Very favorable article can be found here....
http://www.nytimes.com/2003/08/21/te...ts/21game.html
Clipped section below:
Ultima Online, EverQuest, Dark Age of Camelot and many other games have left me bored and confused, but I finally found the compelling persistent-world experience I sought. It was, surprisingly, a role-playing game, and even more surprisingly, one designed for children.
In Disney's Toontown, your goal is to protect your cartoon world from the encroachment of "cogs," evil robotic Corporate Raiders, Pencil Pushers and Spin Doctors who are turning Toontown's colorful buildings gray and cold. You wield cream pies and water-squirting flowers against Sellbots, who can freeze your assets, and Cold Callers, who can attack you with the pound key. These fights take place in colorful neighborhoods like Melodyland, where the streets look like piano keyboards and the trees bear musical notes.
Toontown is colorful, imaginative and easy to learn. Character building is simple, and the player's experience is rewarded often with improved skills and weapons. Battle takes place in turns, allowing for some strategy.
Combining similar weapons can result in more powerful attacks, so if you are fighting alongside other players, one can suggest a water attack and then everyone can pull out a seltzer bottle and squirt gun to douse a cog. Assembling a party of players to do battle is relatively simple, and if you're by yourself and see someone else fighting, you can walk up and join in. If you can gather enough strong players, you can enter one of the cogs' corporate strongholds, where workers in look-alike cubicles witness your battles.

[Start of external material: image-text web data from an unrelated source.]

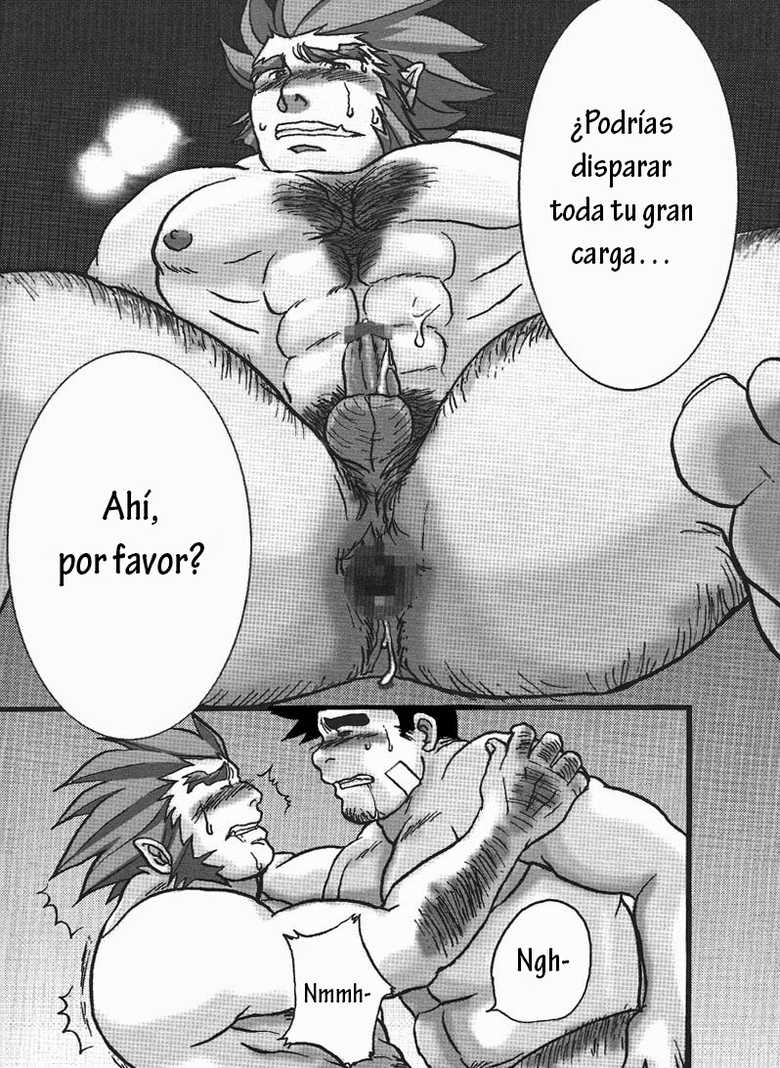 (C66) [Meguro Teikoku (Meguro)] Director's Cut (Gyakuten Saiban) [Spanish] [Tori-traducciones] - Page 12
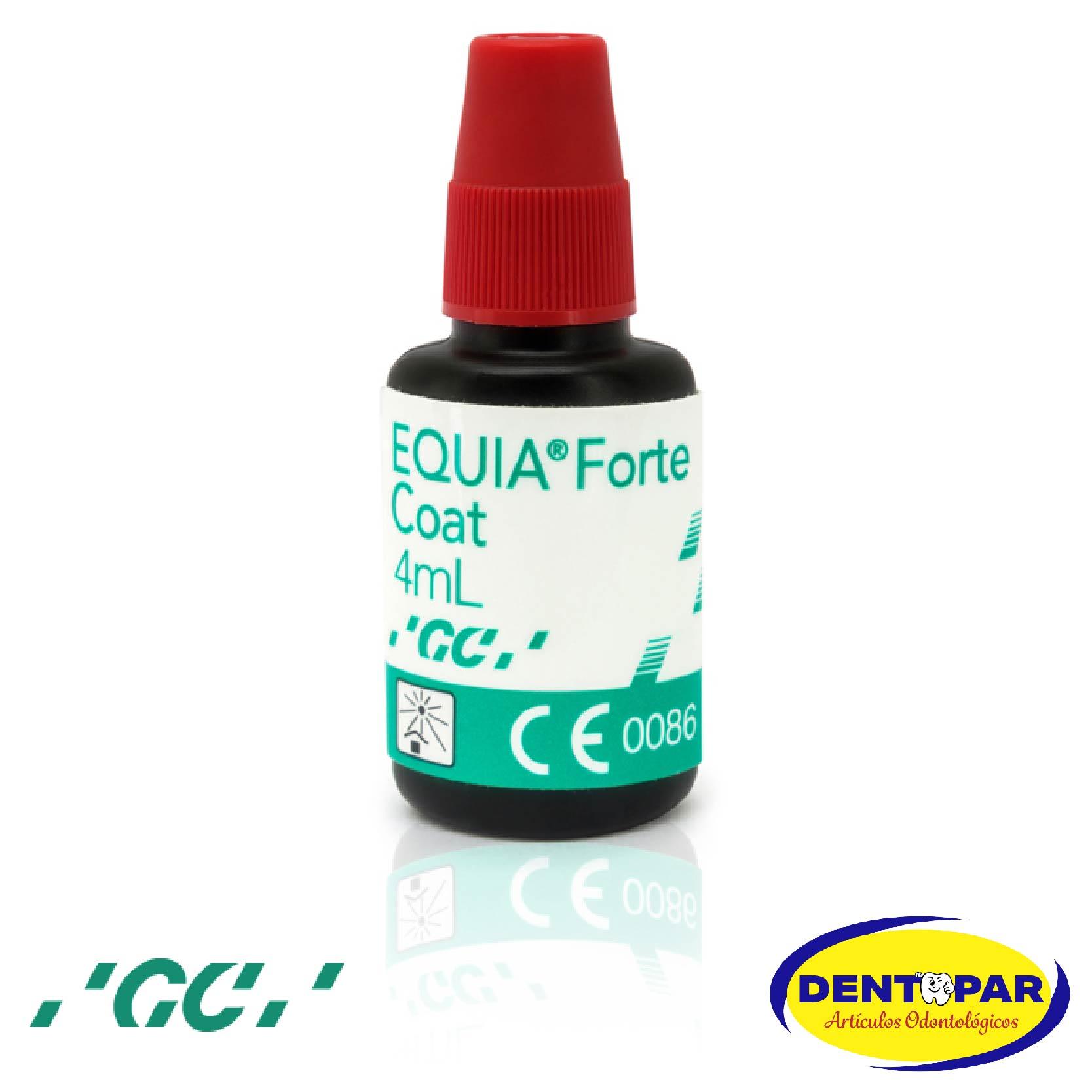 Imagen del producto EQUIA FORTE COAT Sellador 4ml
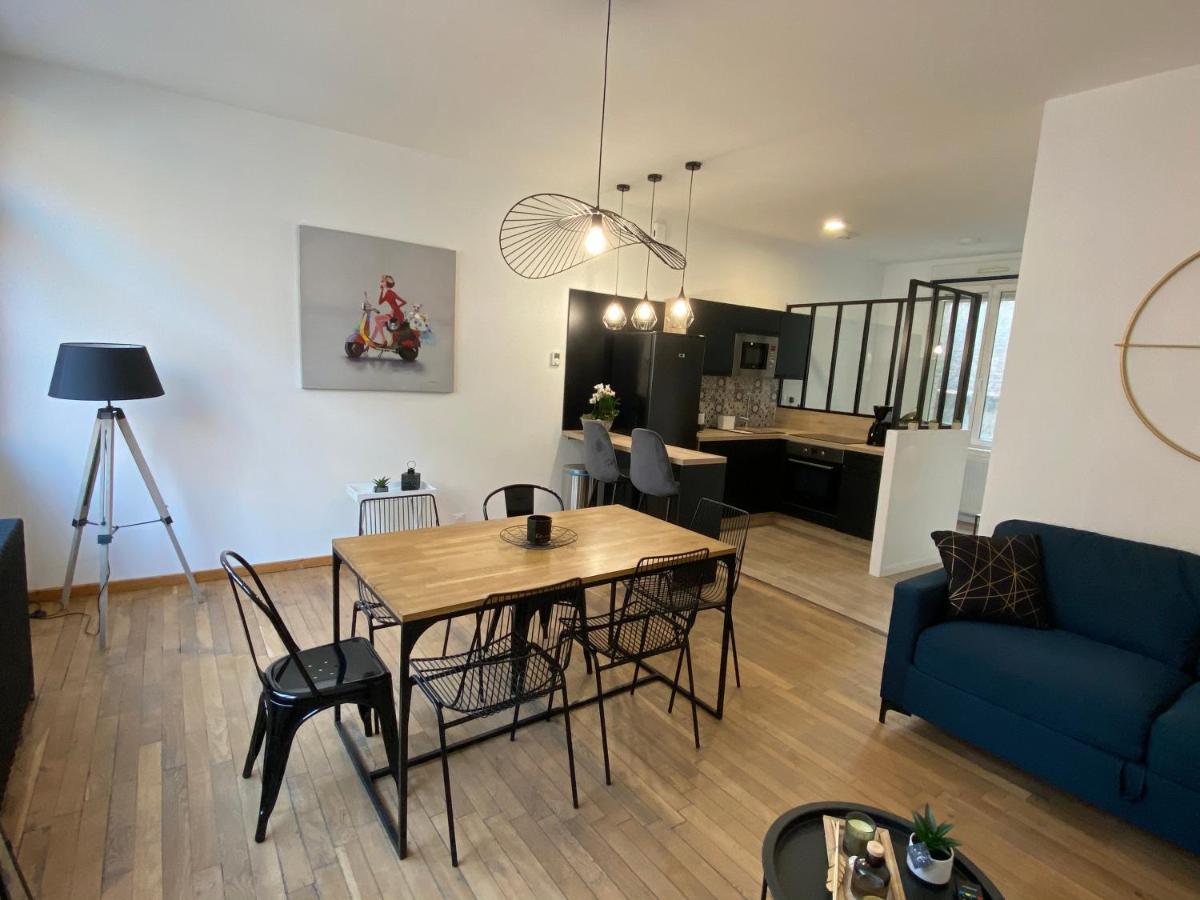 Appt Dunkerque Plage De Malo Екстер'єр фото
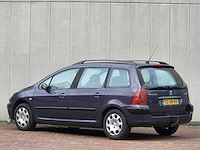 Peugeot - 2002 - 307 break - 1.6-16v xs - 12-jn-bx - personenauto - afbeelding 18 van  21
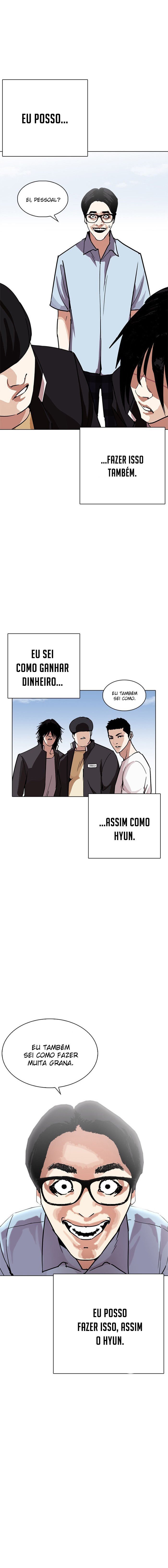Read Lookism PT BR Manga Online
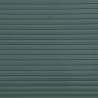 Brises-vues de jardin 10 pcs vert 252,5x19 cm PVC 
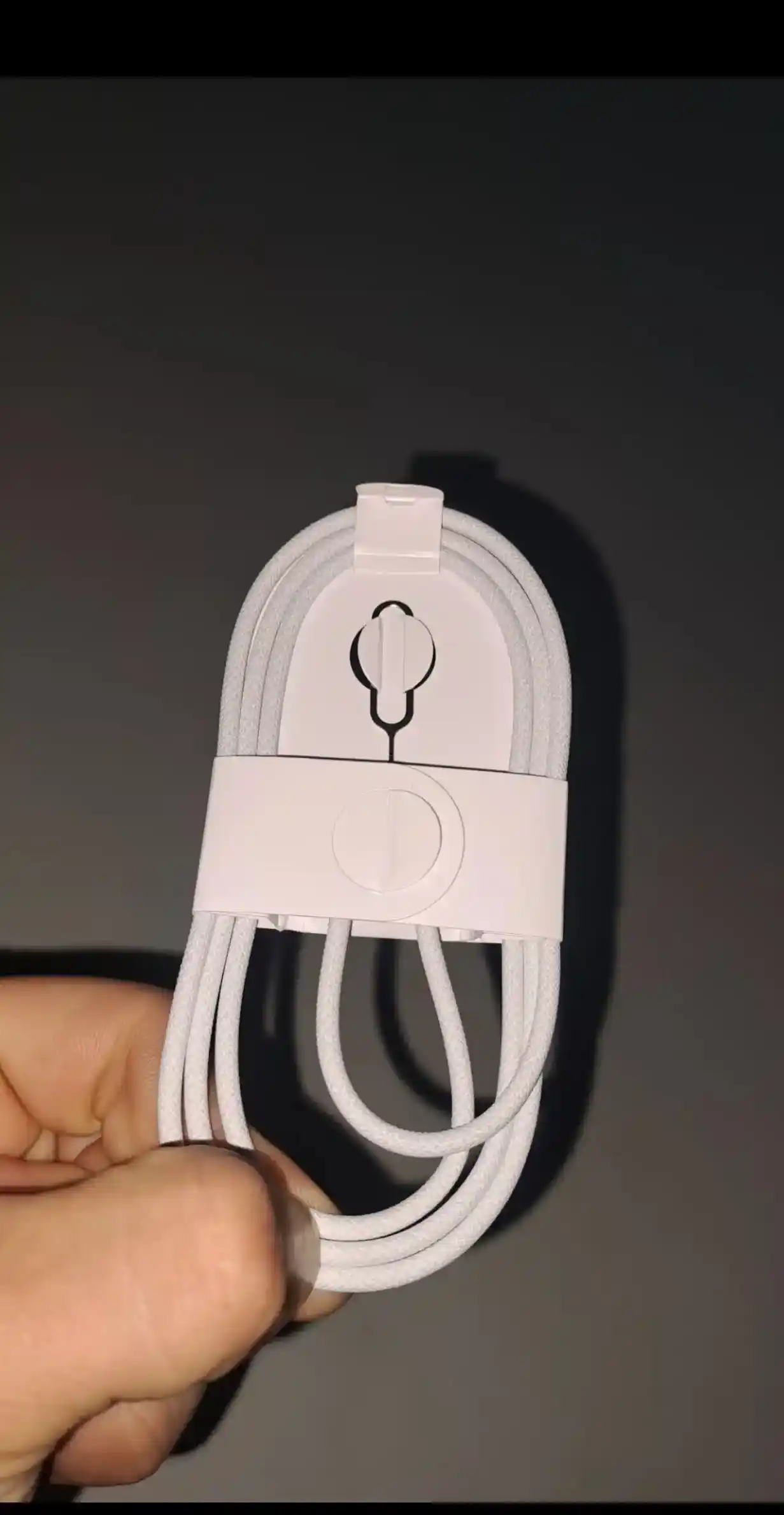 Кабель для iPhone Lightning/Type-C 60 Вт, подходит для всех моделей iPhone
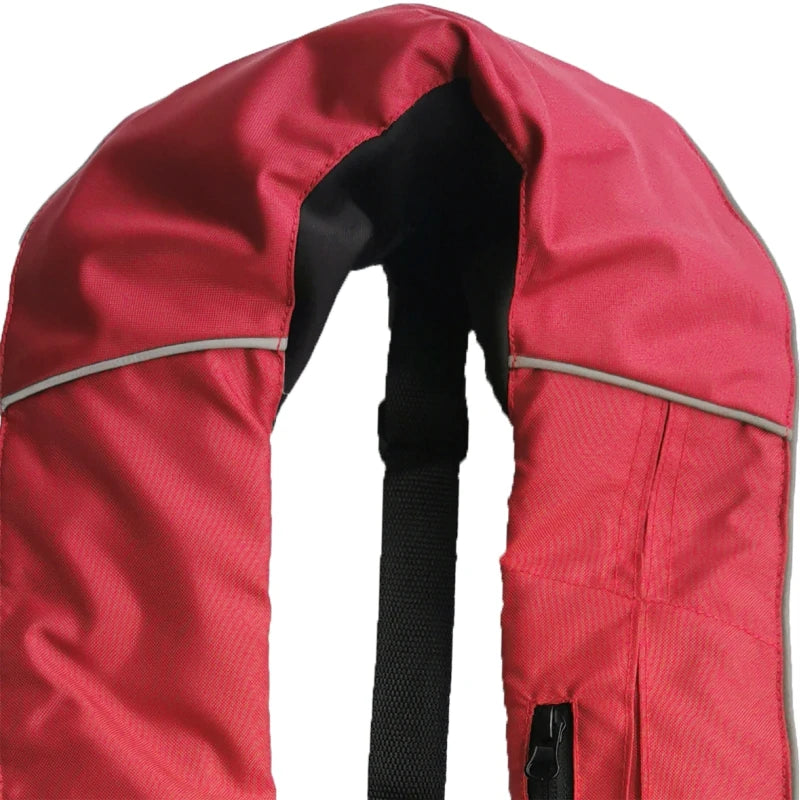 Gilet de sauvetage gonflable version automatique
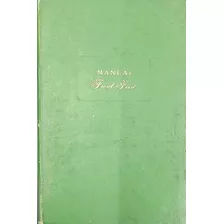 Livro Manual Front Feed - Front Feed [1958]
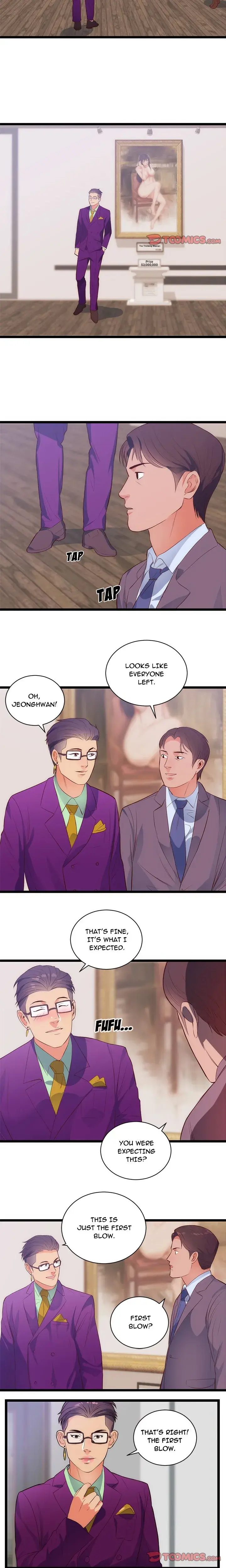 My First Loves Daughter Chapter 31 - Page 6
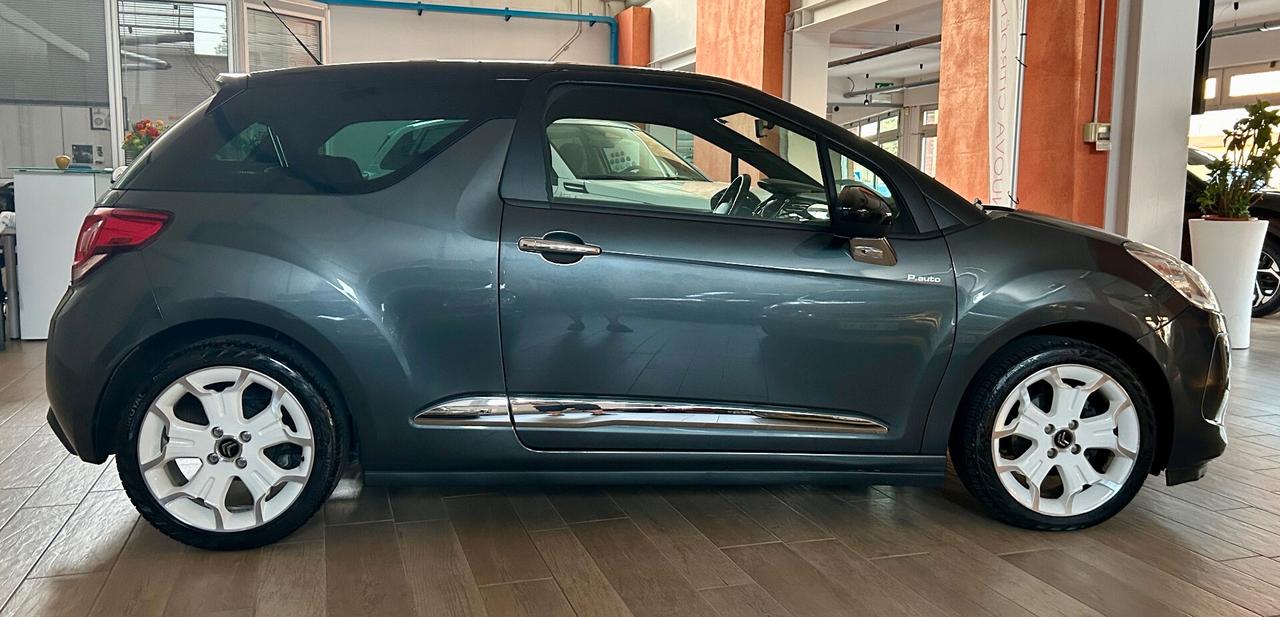 Ds DS3 DS 3 1.4 HDi 70 Chic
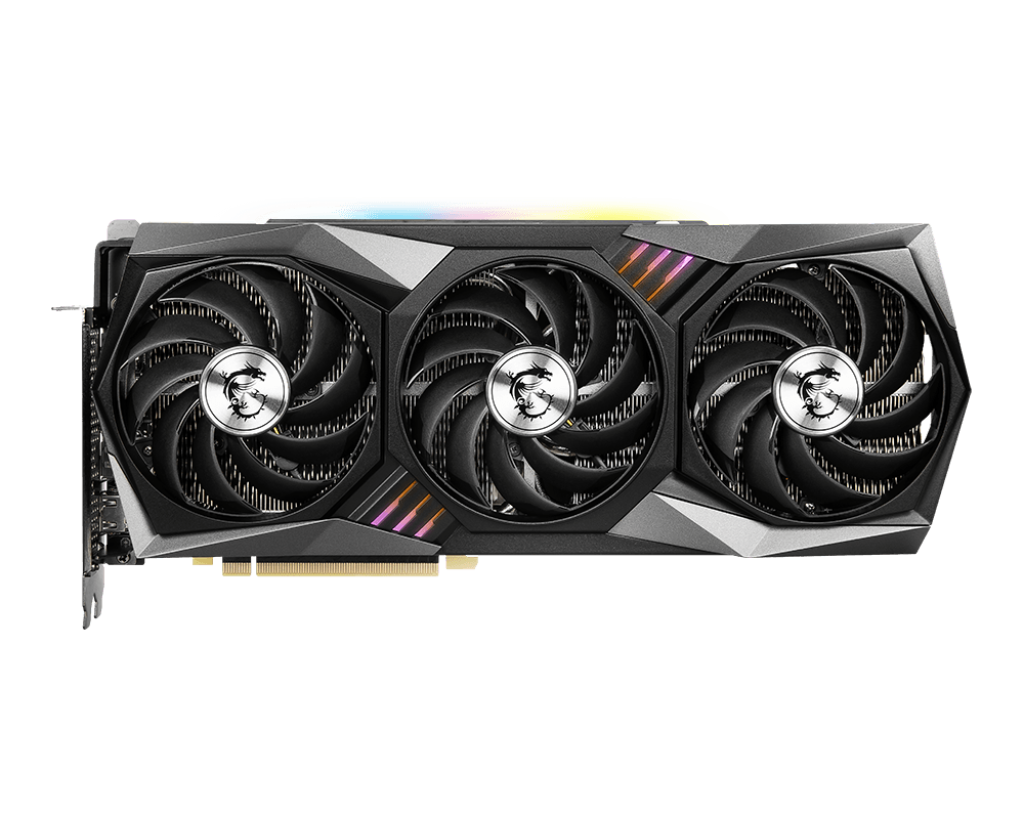 Rtx 3090 Msi Gaming X Trio 24g (usada) Cc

In many ways, Toontown is limited. You cannot, for example, have a real conversation with another player. The dangers of exposing children to unsupervised Internet messaging are avoided by making conversations menu-driven, although there is a mechanism to allow friends to chat if they arrange to do so in the real world. You also must create your character's name from a selection of titles and nonsense words, although the choices are broad enough to allow for names like Queen Bubbles Googlescooter and Bebop Twinkletoes.
Games like Galaxies give you more options, more ways to build your character and the ability to create a complete world and socialize with players, but while in theory I can see their appeal, in practice I get bored and stop playing. A game that combines Toontown's imagination and intuitive structure with the more advanced features of Galaxies might pull me into the world of adult persistent-world games, but for now, I've decided to make my home in Toontown. If you're ever there, come by for a visit. Just ask for Captain Zooblefink.